Ferrari Monza SP1 et 2 : des barquettes qui défient les lois

L’arrière de la Monza SP1. Photo © Ferrari

Le design est épuré et raffiné à bord

Pour conserver l’âme de la voiture dédiée à la course, l’intérieur est simple, sans fioriture mais le confort du conducteur reste certifié. Les instruments de bord et la structure du siège sont repensés sur le plan fonctionnel pour répondre à des attentes du conducteur, devenu coureur pour l’occasion. Sur la route, le pilote découvre un horizon visuel inédit. Son corps est comme « enveloppé par la voiture, sauf sa tête qui s’avance au-dessus de l’horizon ». N’oubliez pas votre casque donc. Le tableau de bord comprend les instruments, le volant et les prises d’air. Le reste des commandes, regroupées sur une seule surface simple, se trouvent sur l’accoudoir. Le siège, monobloc de carbone enveloppé de cuir, instille à l’intérieur de la voiture une allure confortable.
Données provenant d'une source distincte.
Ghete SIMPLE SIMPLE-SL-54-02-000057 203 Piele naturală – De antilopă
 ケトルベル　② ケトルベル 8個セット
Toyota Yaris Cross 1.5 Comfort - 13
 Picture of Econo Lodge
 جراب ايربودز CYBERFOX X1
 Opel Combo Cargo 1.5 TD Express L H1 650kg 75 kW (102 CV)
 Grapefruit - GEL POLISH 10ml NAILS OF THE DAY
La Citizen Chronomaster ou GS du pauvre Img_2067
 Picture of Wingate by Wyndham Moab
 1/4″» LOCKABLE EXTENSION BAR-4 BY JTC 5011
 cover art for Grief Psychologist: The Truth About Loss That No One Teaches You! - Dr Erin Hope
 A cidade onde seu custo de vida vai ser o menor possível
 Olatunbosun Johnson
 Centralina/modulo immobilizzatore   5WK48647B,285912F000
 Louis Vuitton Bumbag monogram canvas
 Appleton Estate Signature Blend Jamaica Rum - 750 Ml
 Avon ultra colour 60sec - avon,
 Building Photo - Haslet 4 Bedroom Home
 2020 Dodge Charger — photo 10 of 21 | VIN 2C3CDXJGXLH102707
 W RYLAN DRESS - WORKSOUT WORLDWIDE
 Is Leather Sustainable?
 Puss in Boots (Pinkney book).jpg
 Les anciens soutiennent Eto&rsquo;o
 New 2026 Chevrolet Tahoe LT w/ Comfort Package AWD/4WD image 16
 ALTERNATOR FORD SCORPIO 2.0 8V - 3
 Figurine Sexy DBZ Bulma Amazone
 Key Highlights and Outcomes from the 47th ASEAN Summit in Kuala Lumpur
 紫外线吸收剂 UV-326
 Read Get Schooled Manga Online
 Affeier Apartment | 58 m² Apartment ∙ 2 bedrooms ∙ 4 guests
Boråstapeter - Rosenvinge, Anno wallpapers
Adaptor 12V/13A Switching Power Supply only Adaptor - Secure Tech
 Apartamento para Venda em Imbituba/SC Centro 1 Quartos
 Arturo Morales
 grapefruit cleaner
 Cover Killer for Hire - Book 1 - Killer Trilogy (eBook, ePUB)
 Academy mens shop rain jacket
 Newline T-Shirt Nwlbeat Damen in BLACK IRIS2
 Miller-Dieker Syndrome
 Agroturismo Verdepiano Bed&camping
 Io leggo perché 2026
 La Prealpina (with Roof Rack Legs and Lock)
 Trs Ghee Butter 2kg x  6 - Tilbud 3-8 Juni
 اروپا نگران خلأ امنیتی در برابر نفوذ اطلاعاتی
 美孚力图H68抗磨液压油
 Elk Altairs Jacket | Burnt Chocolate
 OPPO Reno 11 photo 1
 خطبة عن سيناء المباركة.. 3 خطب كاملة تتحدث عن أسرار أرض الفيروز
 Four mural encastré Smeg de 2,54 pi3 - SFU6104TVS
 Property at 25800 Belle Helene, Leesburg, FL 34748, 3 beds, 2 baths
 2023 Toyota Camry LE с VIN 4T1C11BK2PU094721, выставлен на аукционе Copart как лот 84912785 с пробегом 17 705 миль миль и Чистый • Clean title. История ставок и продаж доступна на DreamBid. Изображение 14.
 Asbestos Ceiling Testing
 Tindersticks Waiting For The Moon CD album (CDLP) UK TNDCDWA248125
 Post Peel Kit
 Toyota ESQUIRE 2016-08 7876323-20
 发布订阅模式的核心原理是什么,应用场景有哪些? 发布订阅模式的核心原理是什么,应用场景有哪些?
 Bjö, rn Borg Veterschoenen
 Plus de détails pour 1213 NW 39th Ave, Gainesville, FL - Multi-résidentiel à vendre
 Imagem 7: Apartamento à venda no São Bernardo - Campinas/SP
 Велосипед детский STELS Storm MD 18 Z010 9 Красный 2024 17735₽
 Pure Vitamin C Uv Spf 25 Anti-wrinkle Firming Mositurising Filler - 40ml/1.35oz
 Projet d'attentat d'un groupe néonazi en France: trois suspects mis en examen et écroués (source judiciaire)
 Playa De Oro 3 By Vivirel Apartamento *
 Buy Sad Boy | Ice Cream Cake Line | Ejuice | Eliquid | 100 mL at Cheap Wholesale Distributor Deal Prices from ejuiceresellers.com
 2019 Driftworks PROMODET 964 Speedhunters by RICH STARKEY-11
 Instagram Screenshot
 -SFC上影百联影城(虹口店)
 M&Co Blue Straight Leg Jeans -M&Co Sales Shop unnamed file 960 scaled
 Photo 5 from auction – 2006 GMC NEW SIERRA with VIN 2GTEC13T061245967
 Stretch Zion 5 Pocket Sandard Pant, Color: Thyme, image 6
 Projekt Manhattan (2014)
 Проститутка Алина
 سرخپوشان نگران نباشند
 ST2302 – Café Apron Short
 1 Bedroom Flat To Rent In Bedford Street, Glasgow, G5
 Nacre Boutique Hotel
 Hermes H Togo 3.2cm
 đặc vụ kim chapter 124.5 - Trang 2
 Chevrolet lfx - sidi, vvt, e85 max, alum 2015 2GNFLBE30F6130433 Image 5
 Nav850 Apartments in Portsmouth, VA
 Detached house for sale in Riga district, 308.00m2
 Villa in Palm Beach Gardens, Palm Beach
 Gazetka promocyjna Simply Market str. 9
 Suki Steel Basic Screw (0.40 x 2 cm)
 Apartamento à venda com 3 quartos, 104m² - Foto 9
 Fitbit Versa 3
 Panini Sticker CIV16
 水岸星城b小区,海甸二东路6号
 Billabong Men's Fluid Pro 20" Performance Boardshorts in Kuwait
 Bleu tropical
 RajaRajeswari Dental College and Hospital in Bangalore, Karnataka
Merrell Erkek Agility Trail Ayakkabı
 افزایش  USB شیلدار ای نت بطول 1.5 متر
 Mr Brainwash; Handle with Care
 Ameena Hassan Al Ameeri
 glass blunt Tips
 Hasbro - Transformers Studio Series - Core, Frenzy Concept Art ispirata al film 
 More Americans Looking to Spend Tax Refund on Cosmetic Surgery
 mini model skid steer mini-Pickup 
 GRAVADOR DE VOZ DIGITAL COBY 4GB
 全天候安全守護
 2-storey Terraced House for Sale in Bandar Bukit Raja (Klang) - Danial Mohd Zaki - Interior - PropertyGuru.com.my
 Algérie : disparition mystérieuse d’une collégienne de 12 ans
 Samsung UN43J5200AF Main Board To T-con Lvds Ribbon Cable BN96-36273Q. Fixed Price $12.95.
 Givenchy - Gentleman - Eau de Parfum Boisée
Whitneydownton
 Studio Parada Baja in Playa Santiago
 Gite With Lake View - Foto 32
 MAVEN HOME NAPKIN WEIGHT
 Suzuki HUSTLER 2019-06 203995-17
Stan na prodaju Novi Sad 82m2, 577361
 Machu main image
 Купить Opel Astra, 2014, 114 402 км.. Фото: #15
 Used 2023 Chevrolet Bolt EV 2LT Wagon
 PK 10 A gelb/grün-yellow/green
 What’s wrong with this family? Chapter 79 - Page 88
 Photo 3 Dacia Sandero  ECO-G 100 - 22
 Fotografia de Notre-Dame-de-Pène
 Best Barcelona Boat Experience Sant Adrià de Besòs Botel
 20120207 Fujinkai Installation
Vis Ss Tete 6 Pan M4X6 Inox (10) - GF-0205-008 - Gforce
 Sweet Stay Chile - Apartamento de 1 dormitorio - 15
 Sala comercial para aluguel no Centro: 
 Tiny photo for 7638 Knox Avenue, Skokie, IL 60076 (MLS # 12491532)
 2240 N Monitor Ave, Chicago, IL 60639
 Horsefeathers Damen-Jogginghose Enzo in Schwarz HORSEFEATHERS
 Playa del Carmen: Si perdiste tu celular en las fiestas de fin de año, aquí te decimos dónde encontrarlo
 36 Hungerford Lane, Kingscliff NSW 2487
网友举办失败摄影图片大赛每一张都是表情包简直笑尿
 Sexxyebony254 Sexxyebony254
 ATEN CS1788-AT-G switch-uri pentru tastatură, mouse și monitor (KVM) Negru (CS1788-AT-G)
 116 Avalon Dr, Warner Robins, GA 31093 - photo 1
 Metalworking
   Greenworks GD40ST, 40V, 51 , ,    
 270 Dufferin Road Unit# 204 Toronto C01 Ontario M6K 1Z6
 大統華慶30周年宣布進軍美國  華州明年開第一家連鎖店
Une collaboration luxueuse pour s’accessoiriser

Pour l’occasion de la sortie de ses deux précieux bolides, Ferrari a collaboré avec deux maisons de luxe à l’ADN de base italien, toutes deux filiales de LVMH : Loro Piana et Berluti qui proposent une sélection de vêtements et d’accessoires estampillés du cheval. Casques, blousons, gants ou encore sacs suivent et allient l’utile à l’agréable.